In starting a compost program, many restaurants realize that they must reassess their ordering in order to minimize this waste. However, it is understandable that you will still have some food that goes bad, and you definitely can compost that food, but there are other alternatives.
Source reduction and reuse are effective ways of managing waste. Measuring and tracking waste can allow you to create preparation systems to minimize waste from the start. Consider tracking what volumes of each item you need to create your dishes. Over time, you will be able to ascertain what amount of each product to order. This type of approach is especially useful for buffets, catering, etc.
While leftovers and scraps that are not fit for consumption and donation can be composted, much of this “waste” is not waste at all, but actually safe, wholesome food that could potentially feed millions of hungry Americans.

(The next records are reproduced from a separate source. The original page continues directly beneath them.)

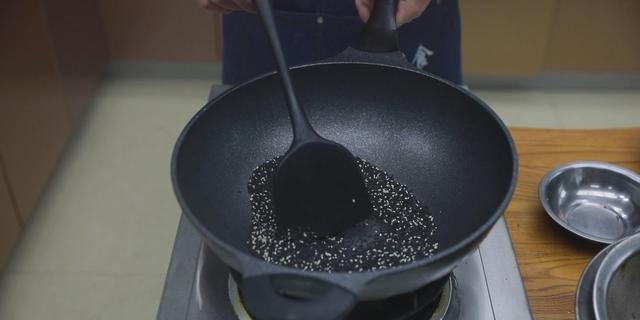 糯米粉怎么做汤圆，自制汤圆的做法教程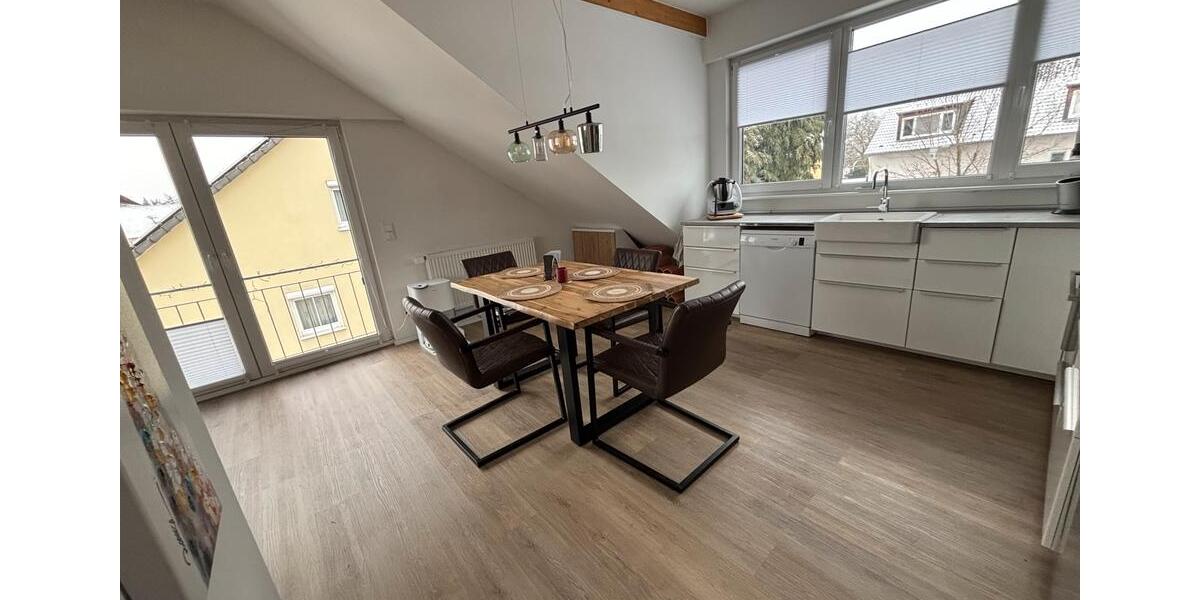 Dachgeschoßwohnung Oberursel (Taunus) - 2.5 Zimmer, 70 m&sup2;, 1.500&euro; | Angebot:25718517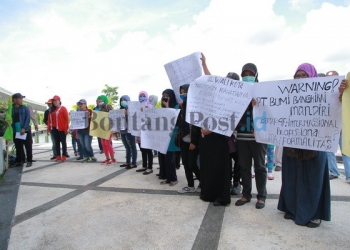 Empat Bulan Tak Digaji, CS Pemkot Demo, Iuran BPJS Hanya Dibayar Dua Kali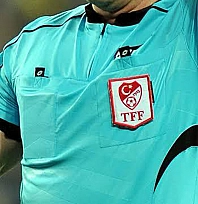 Bahis soruşturmasında PFDK 149 hakemi listeden sildi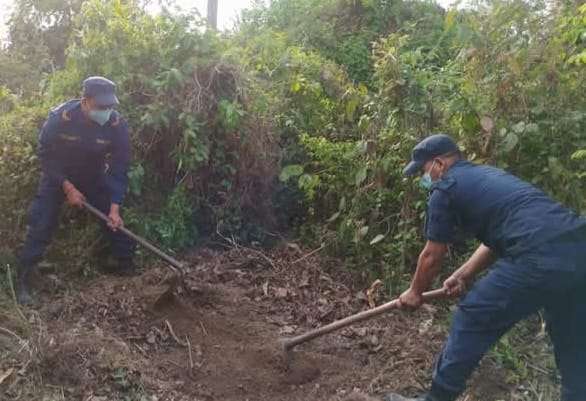 गाडिएको अवस्थामा महिलाको शव फेला, २ जना पक्राउ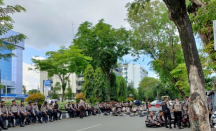 Polisi Perketat Gedung DPR RI Jelang BEM UI Jemput Ketua DPR RI - GenPI.co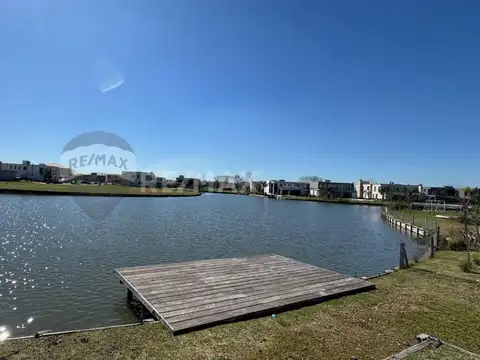 VENTA CASA FONDO LAGUNA TERRALAGOS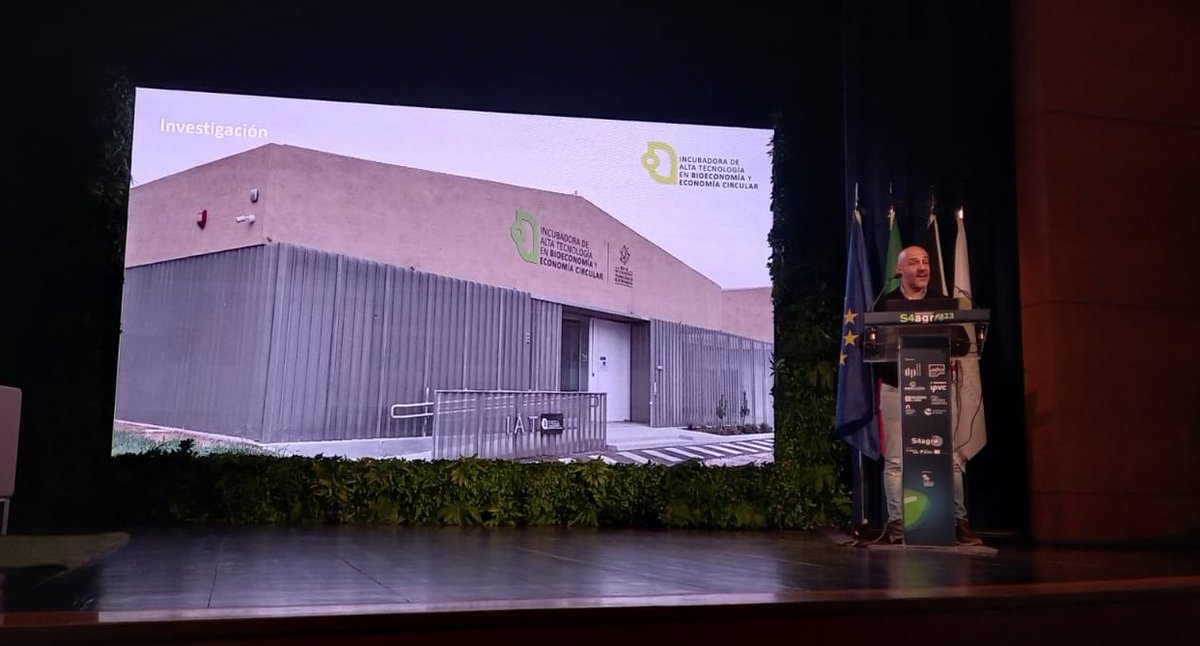 carlosmcabo's tweet photo. La valorización de subproductos es una oportunidad. Hoy hemos participado en el congreso #S4Agro23, organizado por #Inovcluster, de la región Centro de Portugal presentando algunas lineas de trabajo de @FundecytPCTEX en materia de #sostenibilidad, como @Byp4D, @prepsoil o #IAT. https://t.co/TPLymyuMua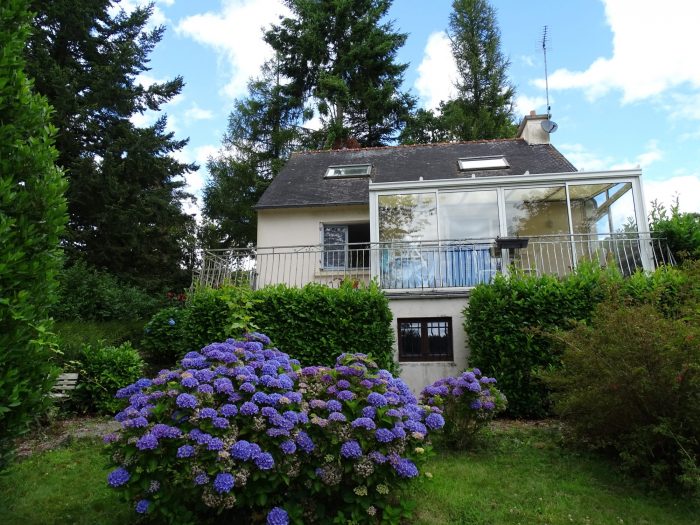 Photo COTES D'ARMOR, proche de Mûr-de-Bretagne.  Une maison individuelle de 3 chambres à vendre avec vue sur le lac de Guerlédan image 25/26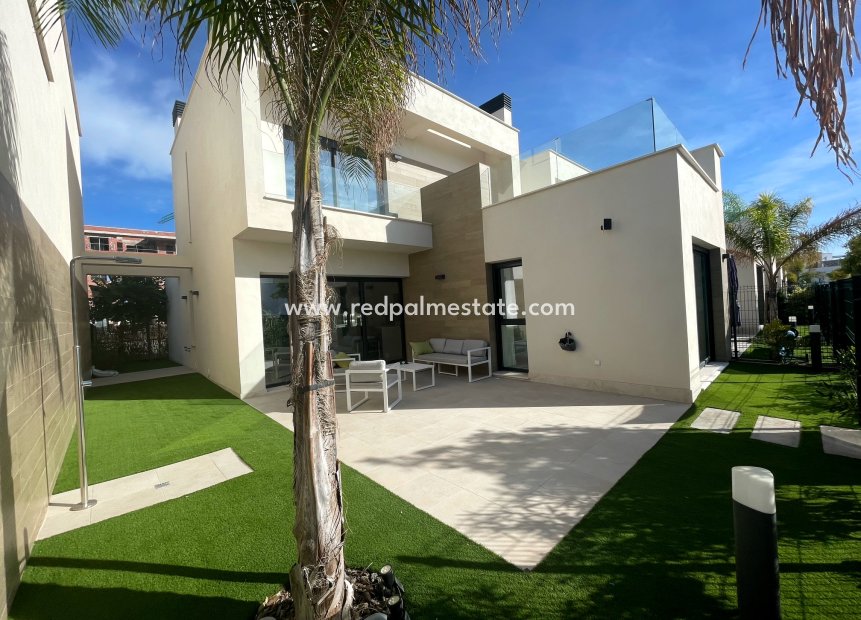 Videresalg - Villa -
Santa Rosalia Resort - Inland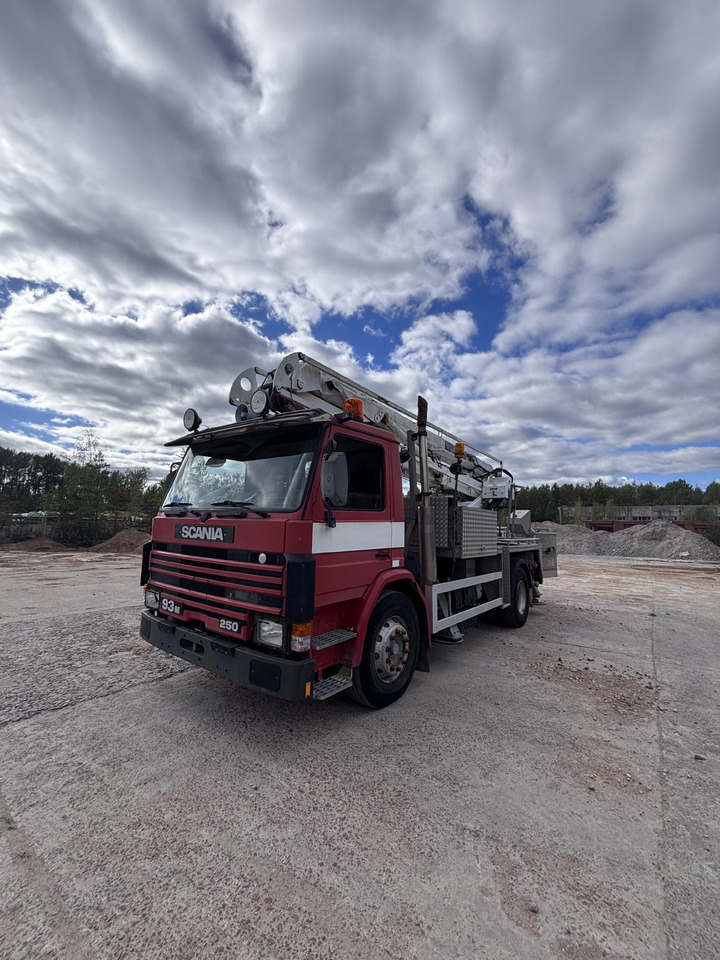 SCANIA - Tuletõrjeauto: pilt 1 SCANIA - Tuletõrjeauto: pilt 1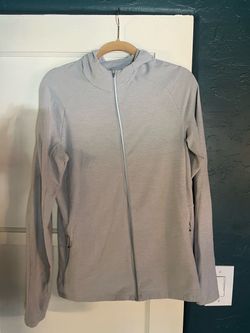 Mens Lululemon light grey hoodie - medium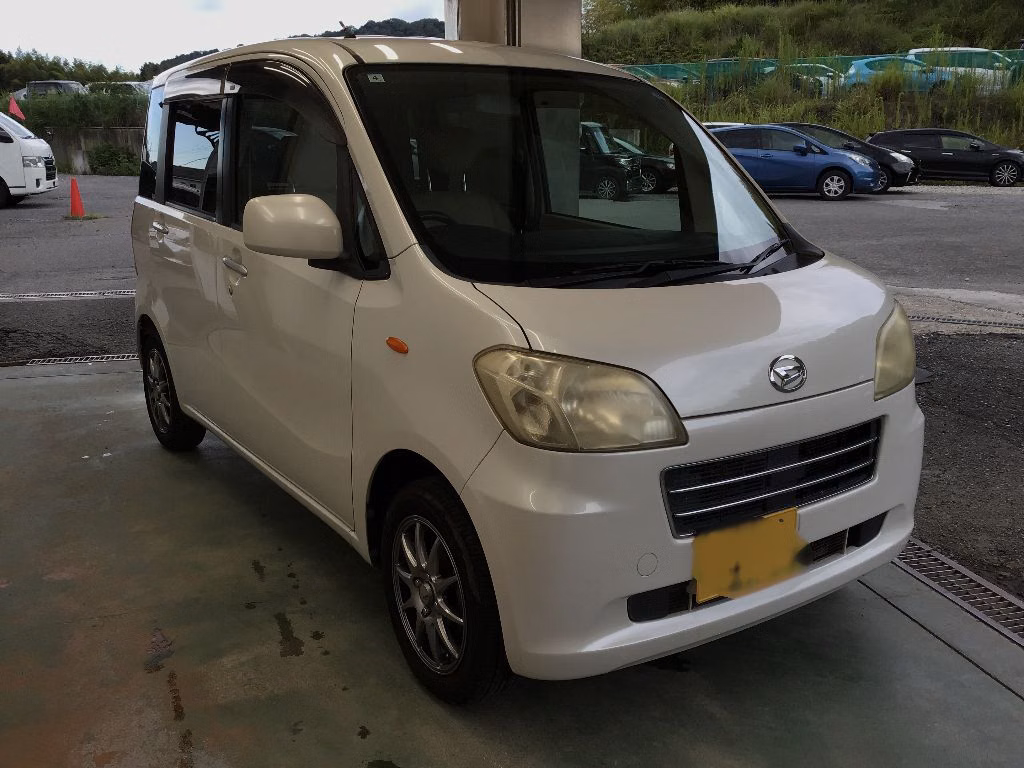 DAIHATSU TANTO EXE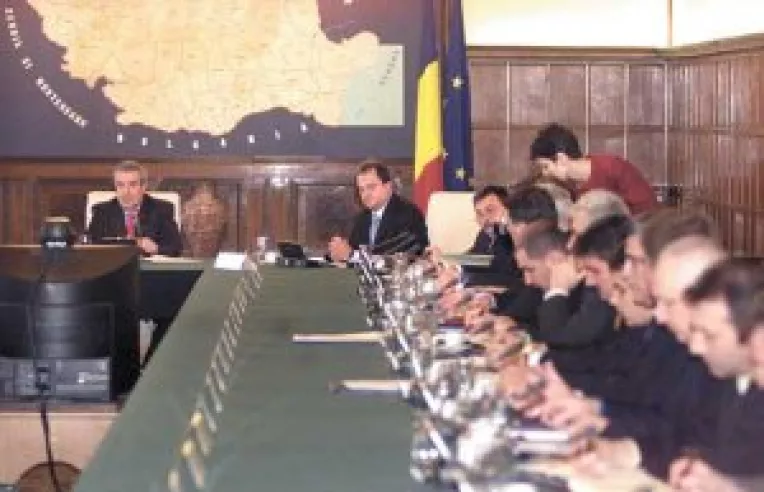 Guvernul isi va anunta demisia pina pe 18 iulie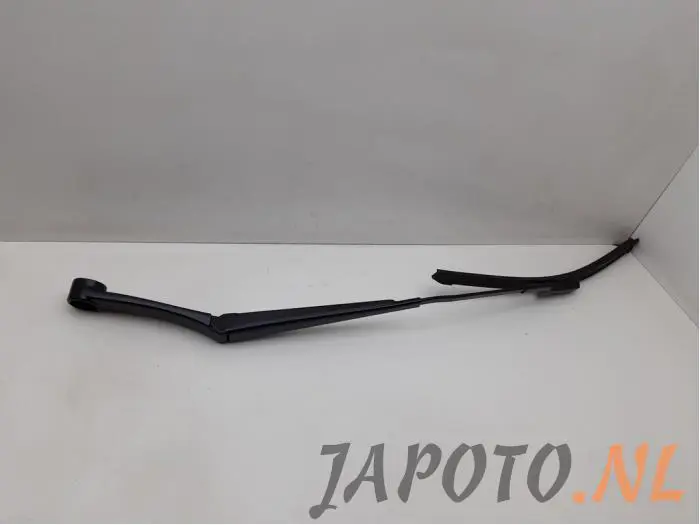 Brazo delantero de limpiaparabrisas Hyundai I30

Local food pantries or the national Feeding America program are options for surplus food.
The U.S. Environmental Protection Agency (EPA) has created the Food Recovery Hierarchy to illustrate best practices for food recovery efforts.
The Good Samaritan Act was created to protect donors from liabilities associated with food donations. Ultimately source reduction and reuse are effective ways of managing waste, but that waste can either go into compost or be sent along to food pantries or other local service agencies in your area.
The Food Donation Connection provides useful information on food safety and they help companies put their surplus food to good use.